Following is an image of the front page of Indian Express Mumbai edition. Between the two news headlines lie all the problems and solutions.
The first headline “Sea of Farmers in Mumbai, here’s what they say”, says “Through Sunday, the financial capital witnessed 40,000 farmers and tribals from across Maharashtra march slowly across the length of the city. Having walked over 160 km in six days, the men and women traversed their final 20 km into central Mumbai even as the state government scrambled to prevent the embarrassment of a gherao of the legislature as threatened by the CPI (M)-affiliated All India Kisan Sabha that has organised the long march.”
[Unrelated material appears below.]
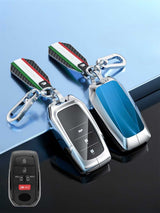 Visible Button Toyota Key Protector Shell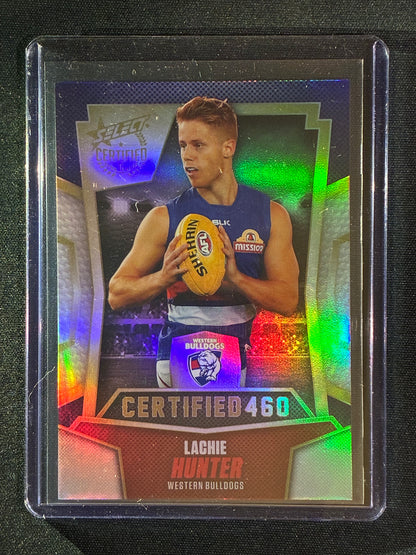 2016 Certified LACHIE HUNTER Certified 460 242/460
The second headline “After 25 years, Narmada dam sufferer showed land for resettlement” says “One rainy night in 1993, around 1 am, Kesu Dedhya Tadvi saw swirling river waters rush into his hut in Nandurbar district’s Manibeli village. His was the first hut on the Maharashtra side of the Narmada to be submerged by the Sardar Sarovar dam. Last month, Tadvi, now 85 years old, was shown a plot of land where he will be rehabilitated by the state government.”
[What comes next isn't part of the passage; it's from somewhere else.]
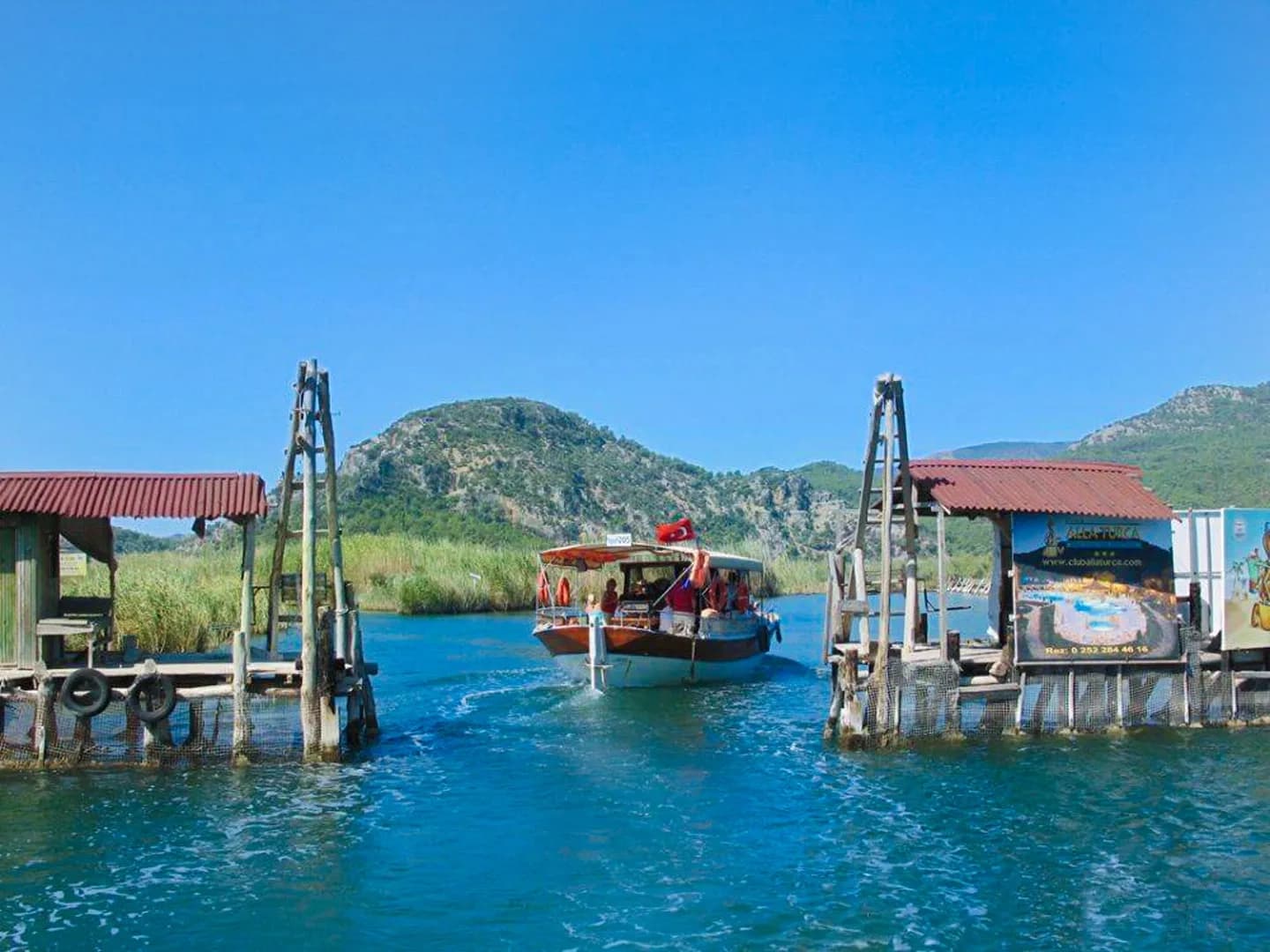 Dalyan Günübirlik Tur - 9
Wondering why CPI (M) never took out a protest march for Kesu Dedhya Tadvi? Answers are simple, CPI (M) has zero interest in solving problems of farmers or tribals.
What Mumbai is witnessing in the form of farmers march is nothing but politics. The second news also reminds one that the current BJP government in Maharashtra is working to solve not only the current issues of its citizens but also the pending ones left unattended by the Congress-NCP government.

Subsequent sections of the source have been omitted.